MATERIAL FOR THIS EXERCISE below:

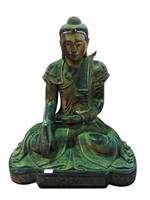 Very Large Burmese Carved Wooden Buddha,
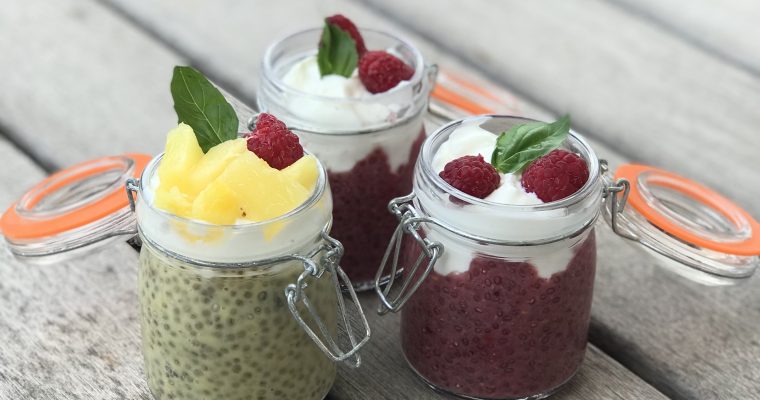 PUDIN DE CHIA FRUTA Y YOGUR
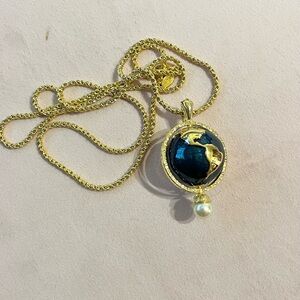 KJL Kenneth Jay Lane enamel globe pendant costume jewelry 1990s vintage glam
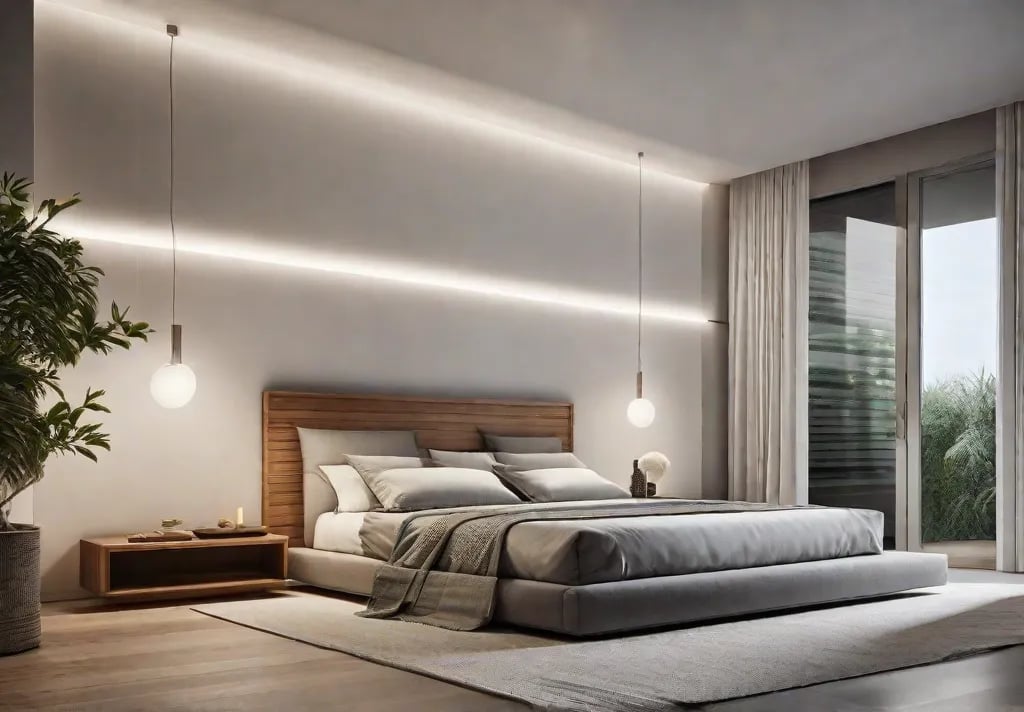 Closeup of a Zeninspired bedroom corner with natural wood nightstand a simplistic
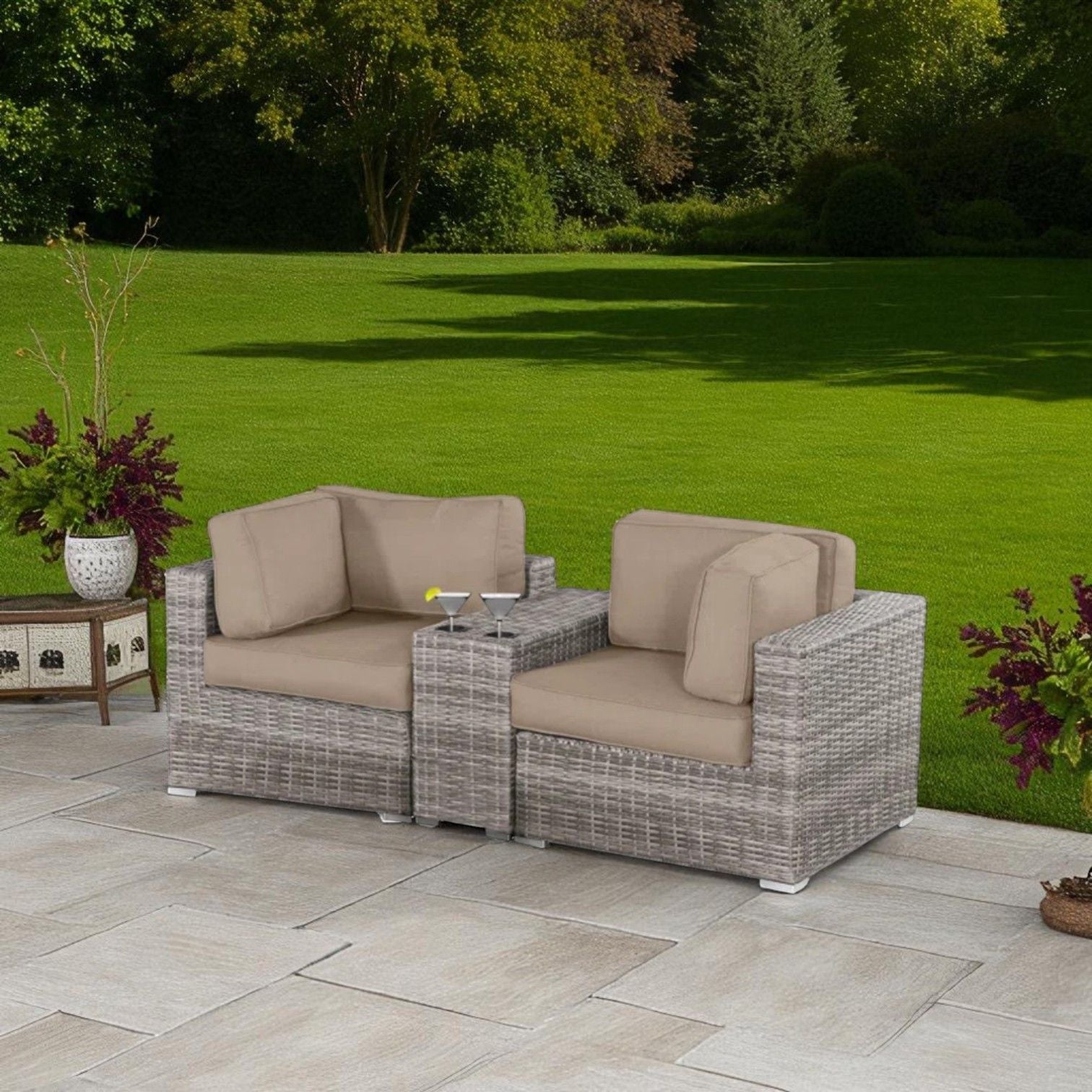 Handcrafted Outdoor Loveseat With Wicker Seating - Best Buy Furniture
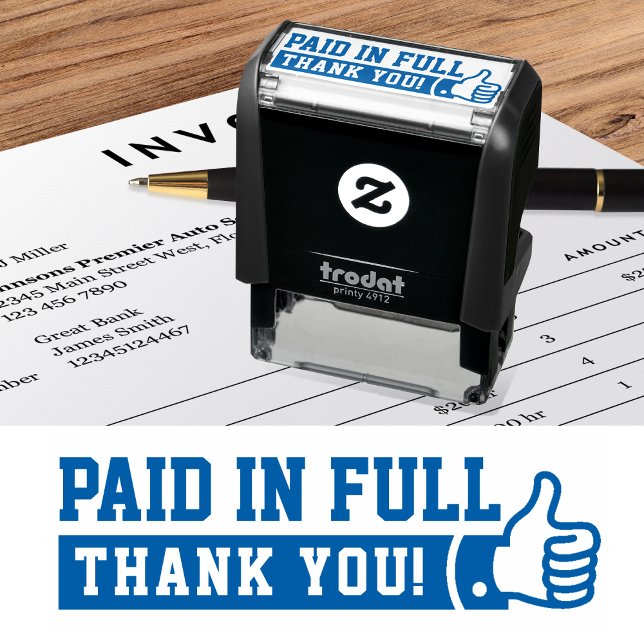 Paid in Full Thumbs up! PERSONALIZED Self-inking Stamp (Creator Uploaded)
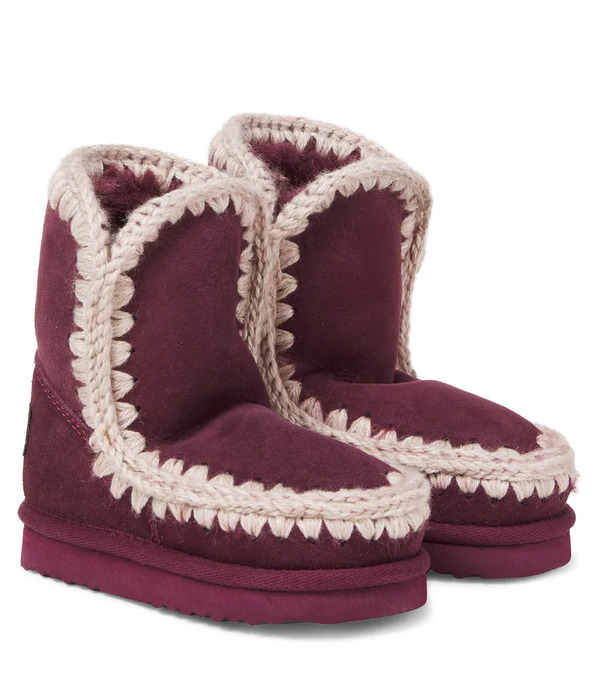  Mou Kids Mou Kids Embroidered Shearling-lined Suede Boots 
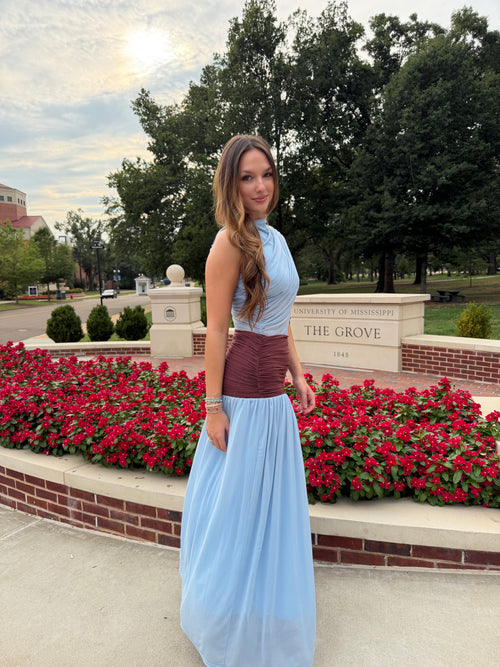 Blue Mesh Maxi Dress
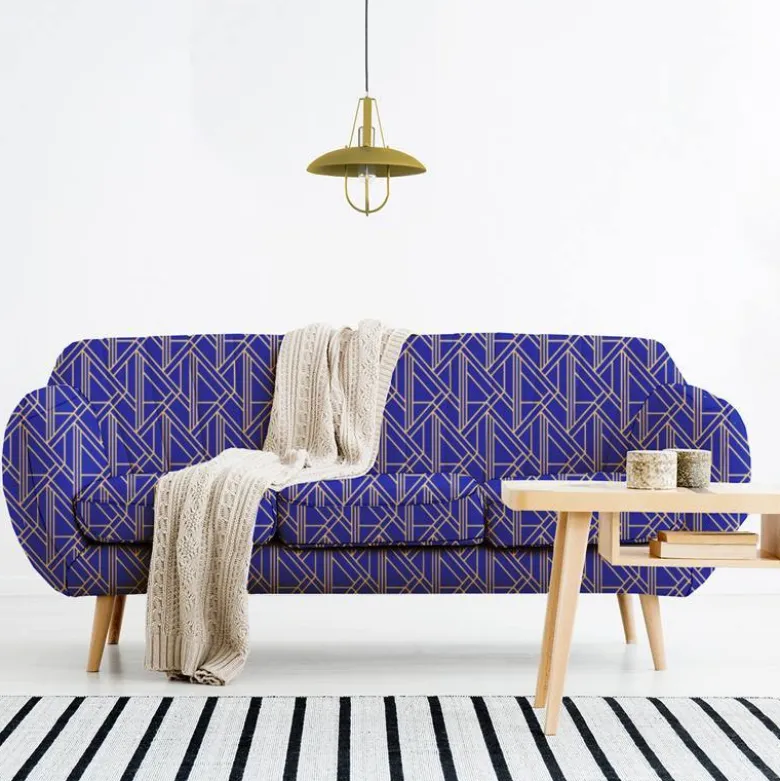 Art déco géométrique jaune or - Fond bleu roi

End of MATERIAL FOR THIS EXERCISE.

→ EXERCISE OBJECTIVE
Everything from the line with "KJL Kenneth Jay" through the last line above should be reproduced exactly, both ends included; pictures must be omitted.

→ EXERCISE ANSWER
 KJL Kenneth Jay Lane enamel globe pendant costume jewelry 1990s vintage glam
 Closeup of a Zeninspired bedroom corner with natural wood nightstand a simplistic
 Handcrafted Outdoor Loveseat With Wicker Seating - Best Buy Furniture
 Paid in Full Thumbs up! PERSONALIZED Self-inking Stamp (Creator Uploaded)
  Mou Kids Mou Kids Embroidered Shearling-lined Suede Boots 
 Blue Mesh Maxi Dress
 Art déco géométrique jaune or - Fond bleu roi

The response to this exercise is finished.